Appellants argue the district court’s holding is erroneous because § 157 is not a jurisdictional statute. In Stern v. Marshall , the Supreme Court explained, "[s]ection 157 allocates the authority to enter final judgment between the bankruptcy court and the district court... . That allocation does not implicate questions of subject matter jurisdiction." 564 U.S. 462, 480, 131 S.Ct. 2594, 180 L.Ed.2d 475 (2011) (internal citation omitted). The Court went on to explain, "the district courts of the United States have ‘original and exclusive jurisdiction of all cases under title 11.’ " Id. at 473, 131 S.Ct. 2594 (quoting 28 U.S.C. § 1334(a) ). "The manner in which a bankruptcy judge may act on a referred matter depends on the type of proceeding involved. Bankruptcy judges may hear and enter final judgments in ‘all core proceedings arising under title 11, or arising in a case under title 11.’ " Id. at 473–74, 131 S.Ct. 2594 (emphasis added) (quoting 28 U.S.C. § 157(b)(1) ).
Section 157(b) clearly "is not the source of the bankruptcy court’s jurisdiction," and it "applies only if there is jurisdiction in the first place under 28 U.S.C. § 1334." Omicron Sys., Inc. v. Weiner (In re Weiner) , 05-566, 2006 WL 6659548, at *4 (Bankr. E.D. Pa. Apr. 19, 2006). And it may be the case post- Stern that "[w]hile a district court is authorized to refer matters to a bankruptcy court, see 28 U.S.C. § 157(a), that provision [likewise] is not jurisdictional." Potter v. Newkirk , No. 19-1728, 2020 WL 549767, at *2 (3d Cir. Feb. 4, 2020) (citing Stern , 564 U.S. at 480, 131 S.Ct. 2594 ). But, in any event, jurisdiction resided in the district court under § 1334(b) and in the bankruptcy court by reference from the district court under § 157(a) and its general order of reference. Thus, this Court concludes the district court did not err in finding the bankruptcy court had jurisdiction to hear the assumption motion. Even if the District Court incorrectly based jurisdiction on § 157, the bankruptcy court still had jurisdiction under § 1334(b) for the reasons stated above.

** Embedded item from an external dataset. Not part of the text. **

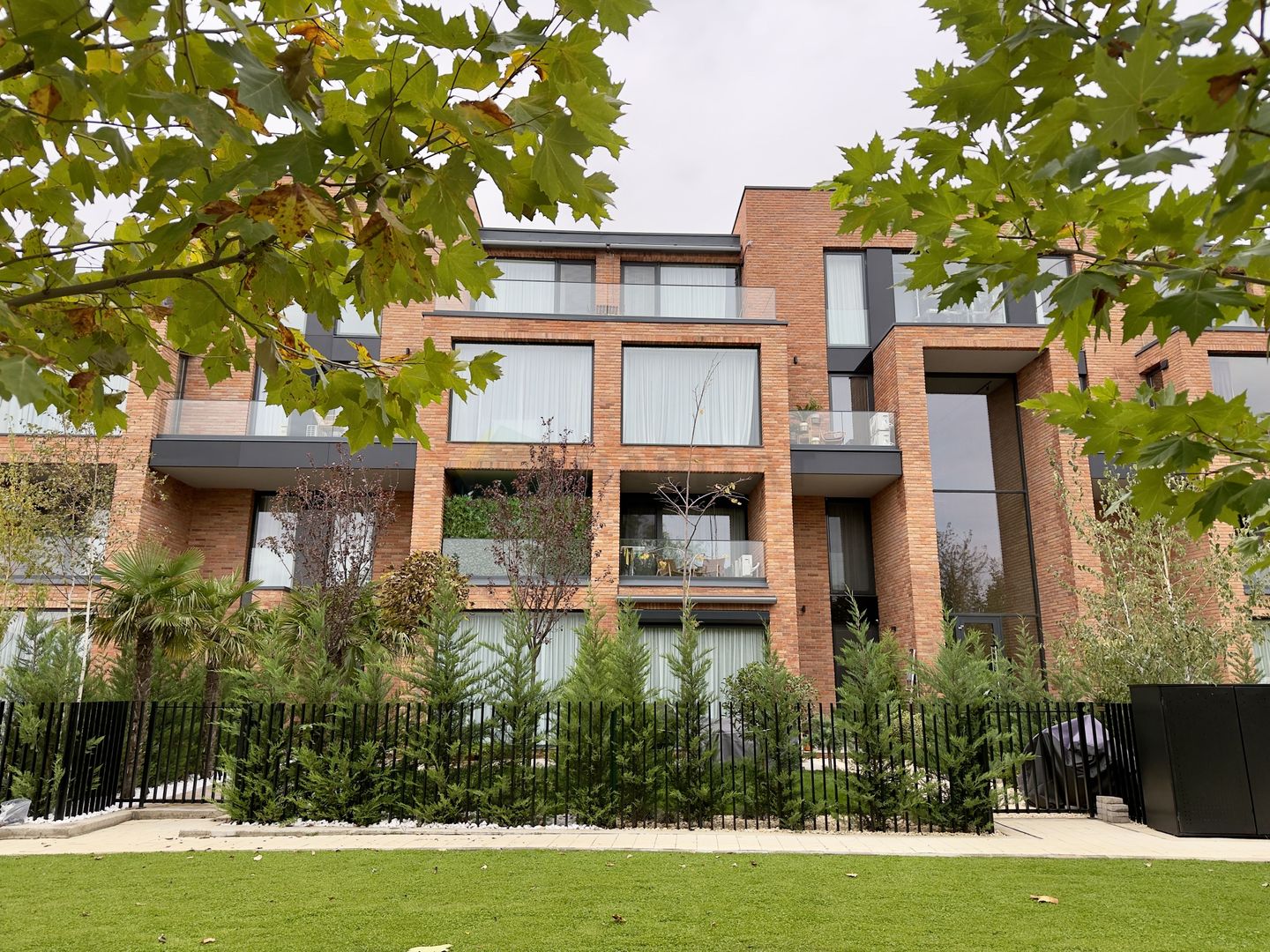 Vila urbana 3 camere | Tunari-Parc - Poză 22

But see Celotex Corp. v. Edwards , 514 U.S. 300, 307, 115 S.Ct. 1493, 131 L.Ed.2d 403 (1995) ("Here, the Bankruptcy Court’s jurisdiction ... must be based on the ‘arising under,’ ‘arising in,’ or ‘related to’ language of §§ 1334(b) and 157(a)."); In re Am. Hardwoods, Inc. , 885 F.2d 621, 623 (9th Cir. 1989) ("Similar to section 1334(b), section 157(a) grants to bankruptcy courts jurisdiction over ‘any or all cases under title 11 and any or all proceedings arising under title 11 or arising in or related to a case under title 11.’ ").
C. The bankruptcy court properly authorized the Trustee to exercise management rights over Dillon after the majority of Dillon’s members voted for the trustee to manage Dillon.
On January 30, 2014, the bankruptcy court granted the Trustee’s motion to extend the statutory deadline for assumption of the operating agreement through February 28, 2014. As discussed above, the Trustee did not assume the agreement by that new deadline or move for an additional extension because of Harkey’s misrepresentations regarding the potential sale of real estate owned by Dillon. On May 31, 2016, the Trustee filed a motion seeking an order (1) authorizing the Trustee to exercise management rights over Dillon pursuant to a majority vote of Dillon’s members, and alternatively (2) authorizing the Trustee to assume Dillon’s operating agreement. On June 29, 2016 the bankruptcy court approved both the Trustee’s election as manager and his assumption of the operating agreement. On October 9, 2018, the district court affirmed. With respect to the Trustee’s election as manager, the district court reasoned that because a majority of Dillon’s members voted for the Trustee to manage Dillon, the Trustee could exercise management authority over Dillon, and that authority was not affected by any rejection of the operating agreement. The court found: "Rejection did not cause Appellant Dan J. Harkey to become manager of Dillon, nor did it remove PCF as manager. Instead it constituted a breach of the Agreement and permitted creditors to file a claim."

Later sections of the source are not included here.